Policymakers already expect NHS services to contribute to prevention in a variety of ways, but the promise of these plans are far from being fully realised. The 2019 NHS Long Term Plan promised more support for people at risk of poor health outcomes due to smoking, alcohol and obesity, but progress was disrupted by the pandemic, which has also led to higher than expected demand for some of these services. More widely, social prescribing – which aims to create health and prevent illness by connecting people with local community assets like charities, social groups and advisory services – has been rolled out across England, but more disadvantaged patients may face greater barriers to accessing support.
The creation of integrated care systems (ICSs) also provides opportunities to improve health outcomes and address inequalities in local populations, by developing population health management approaches and working with local authorities.
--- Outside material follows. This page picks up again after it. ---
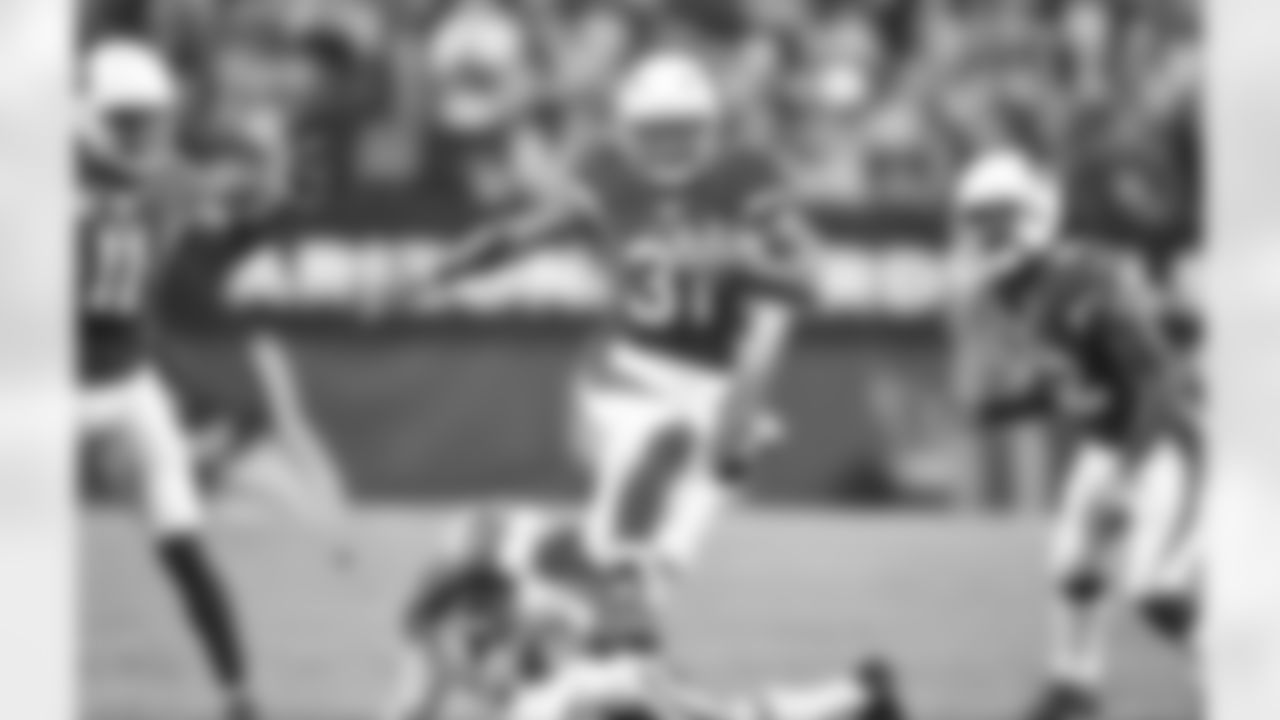 No. 12 -- RB David Johnson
However, these priorities risk being crowded out by a short-term focus on more immediate pressures on the NHS and severe financial challenges facing local authorities.
Primary care and community health services are central to delivering these preventative services, but the NHS Long Term Plan commitment to invest a growing proportion of the NHS budget in these services has not been met. General practice is in crisis, with public satisfaction at record lows and the most acute pressures in more deprived areas, which receive less funding and workforce relative to their population health needs. There are also recent reports of funding for preventative services such as vaccinations and screeningdelivered by the NHS being cut by 3.5% (around £50m) to meet funding shortfalls elsewhere. Much has also been made of the potential for technology, genomics and artificial intelligence to deliver personalised prevention services and advice at scale. While there is promise in some areas, this potential remains a long way from being realised.
Beyond the provision of health care services, NHS organisations can contribute to the health of the population through their roles as ‘anchor’ organisations rooted in local communities. This includes as large employers providing good work and healthy workplaces, through using their purchasing power for local and social benefit, reducing their environmental impact, and supporting local communities.
The NHS's role in prevention needs to be given greater priority under a new government. This will require:
- growing the share of funding going to primary, community and preventative services, in line with the public’s priorities. Adequate funding must be protected in the face of acute pressures arising from near-record waiting lists and must be allocated fairly by need
- a new deal for primary care, including a focus on tackling the ‘inverse care law’ that leaves practices in poorer areas underfunded and under-doctored compared with richer areas
- ICS spending and action to improve population health and tackle inequalities in health – including due to ethnic background or socioeconomic deprivation – should form a proportionate focus for oversight of ICSs by national bodies.